→ **RECORDED INFORMATION**:
===============

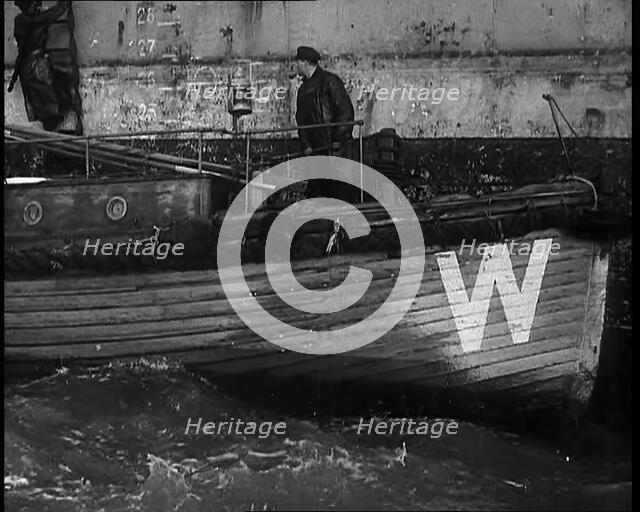 Small Wooden Customs Boat With Male Crew Member Standing at  the Bow End Alongside..., 1939. Creator: British Pathe Ltd.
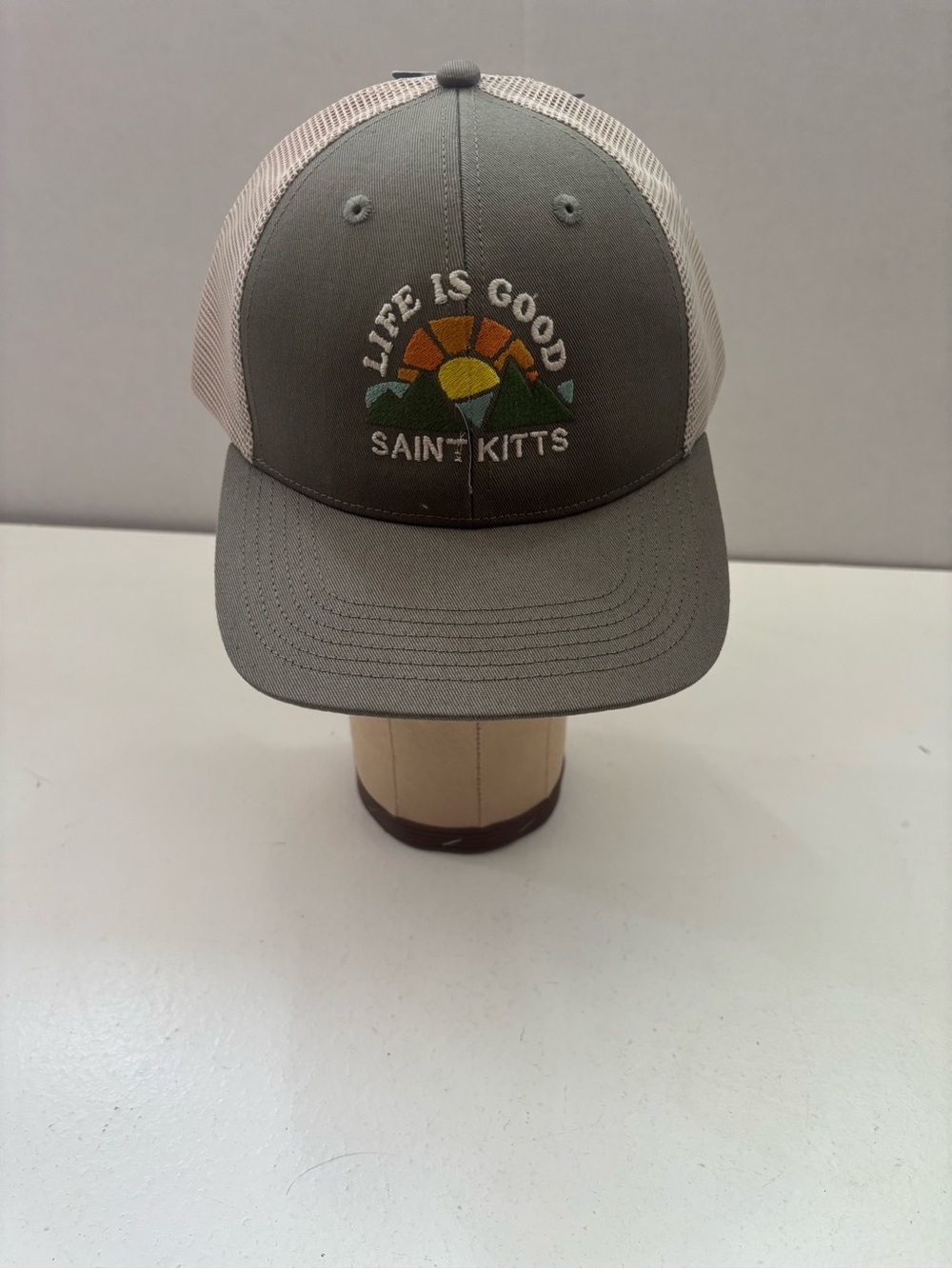 Life is Good Trucker hat mountain sunset patch that says Saint Kitts.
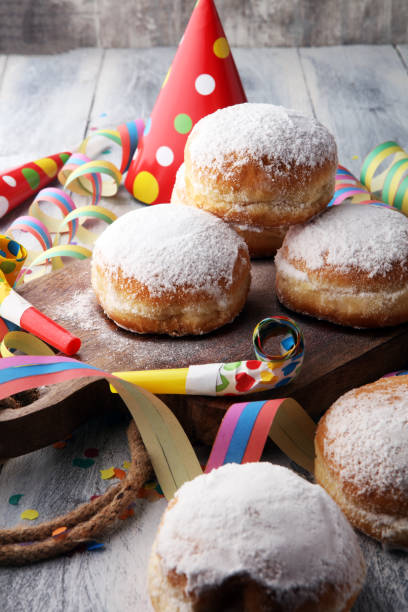 istock German donuts with jam and icing sugar. Carnival powdered sugar raised donuts with paper streamers. 913865498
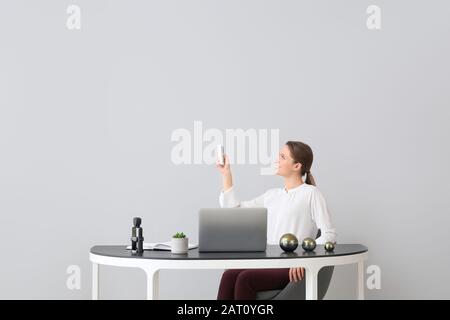 Giovane donna che lavora in ufficio con condizionatore d'aria funzionante Foto Stock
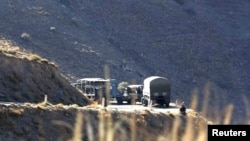 Algerian military troops are pictured at a mountain near the village of Ait Ouabane, where a Frenchman was kidnapped by militants on Sunday, southeast of Algiers, Algeria, Sept. 23, 2014.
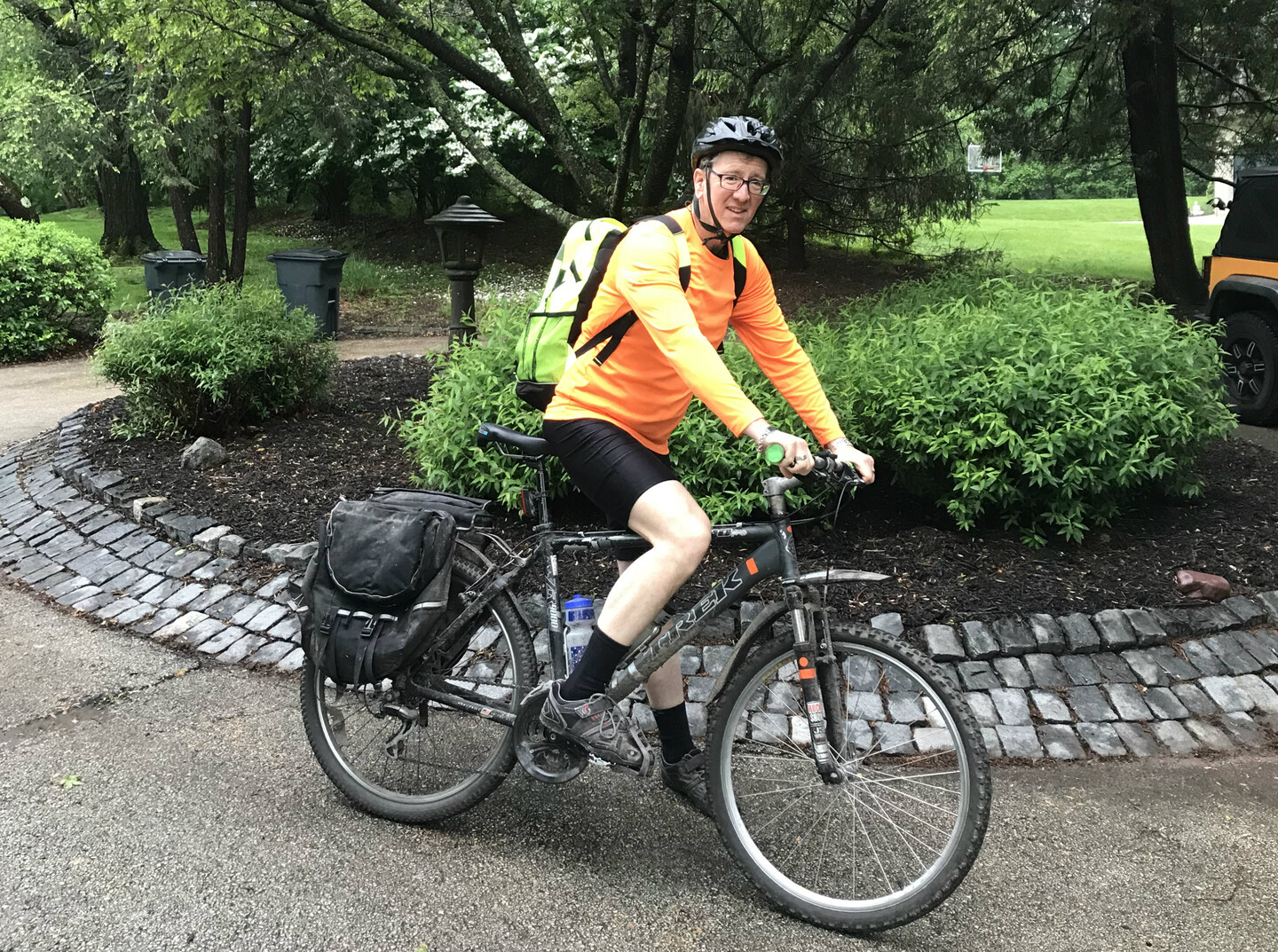 A person on a bike loaded with cargo bags and a water bottle looks at the camera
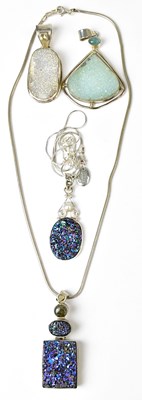 Lot 818 - Four silver pendants set with drusy-style...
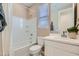 Clean bathroom featuring a shower-tub combo with white tile surround, and a white vanity at 4634 E French Rd, San Tan Valley, AZ 85143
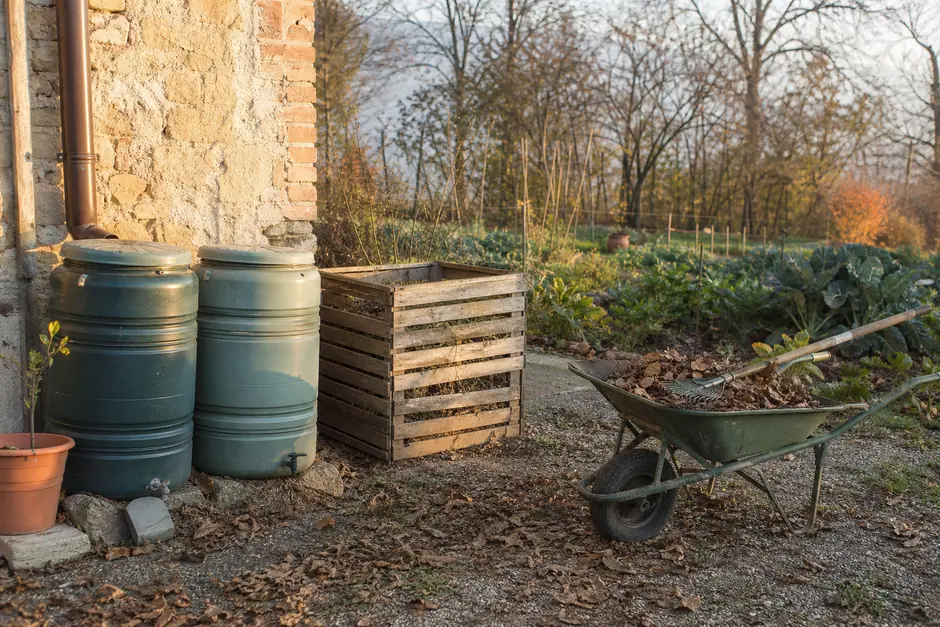 Cisterna di recupero dell'acqua piovana e cumulo di compost in un'azienda agricola di valle (immagine generata con AI).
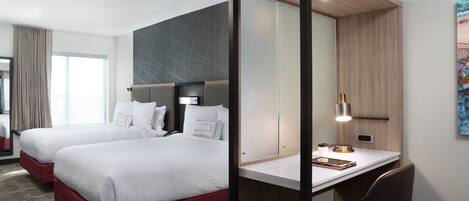 A hotel room with two beds, a desk, and a large mirror.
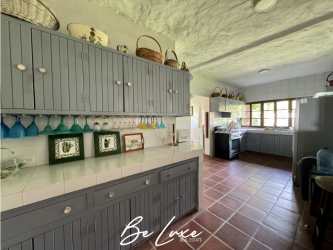 Covered beachfront terrace with ocean views hammock BBQ bar tropical garden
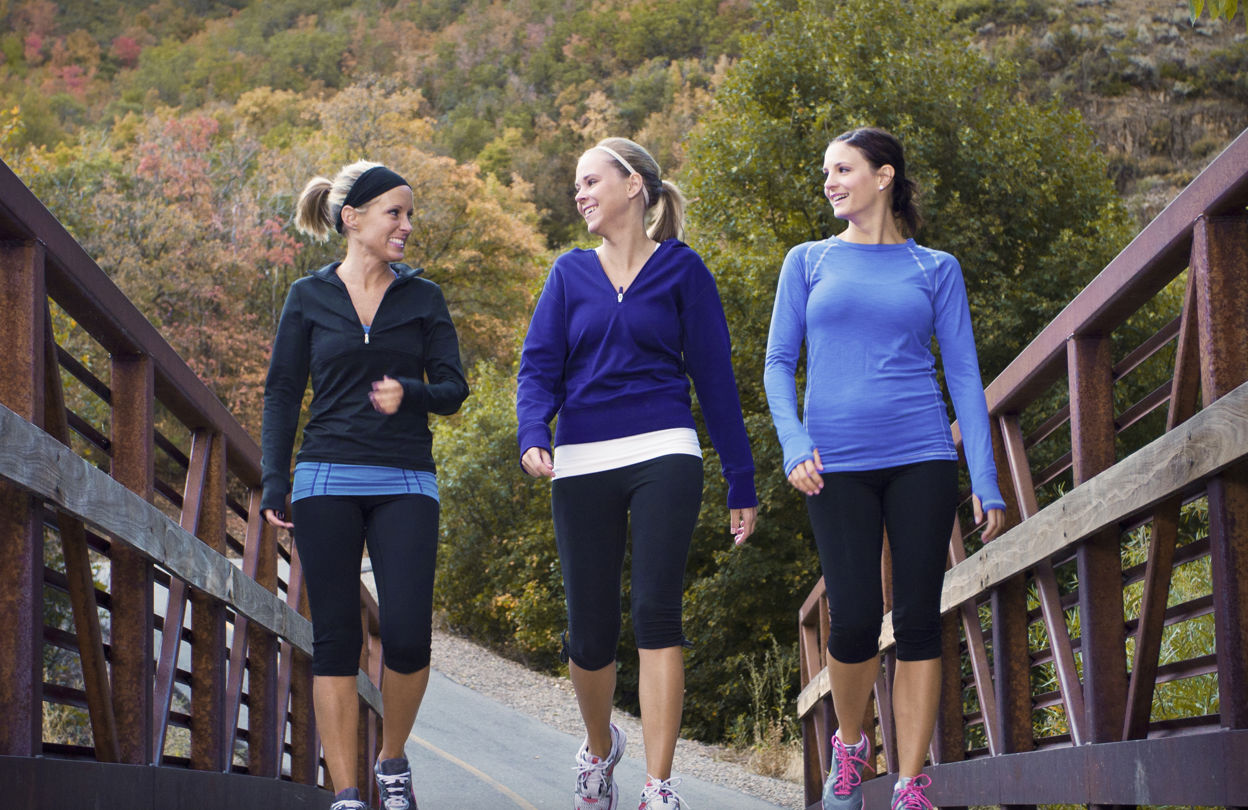 Tre kvinnor som powerwalkar utomhus och går över en bro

===============

→ **WHAT YOU SHOULD DO**:
Your reply should consist solely of the lines from the one containing "A person on" through the last line of the material, reproduced exactly and without pictures.

→ **PROBLEM SOLUTION**:
 A person on a bike loaded with cargo bags and a water bottle looks at the camera
 Lot 818 - Four silver pendants set with drusy-style...
 Clean bathroom featuring a shower-tub combo with white tile surround, and a white vanity at 4634 E French Rd, San Tan Valley, AZ 85143
 Cisterna di recupero dell'acqua piovana e cumulo di compost in un'azienda agricola di valle (immagine generata con AI).
 A hotel room with two beds, a desk, and a large mirror.
 Covered beachfront terrace with ocean views hammock BBQ bar tropical garden
 Tre kvinnor som powerwalkar utomhus och går över en bro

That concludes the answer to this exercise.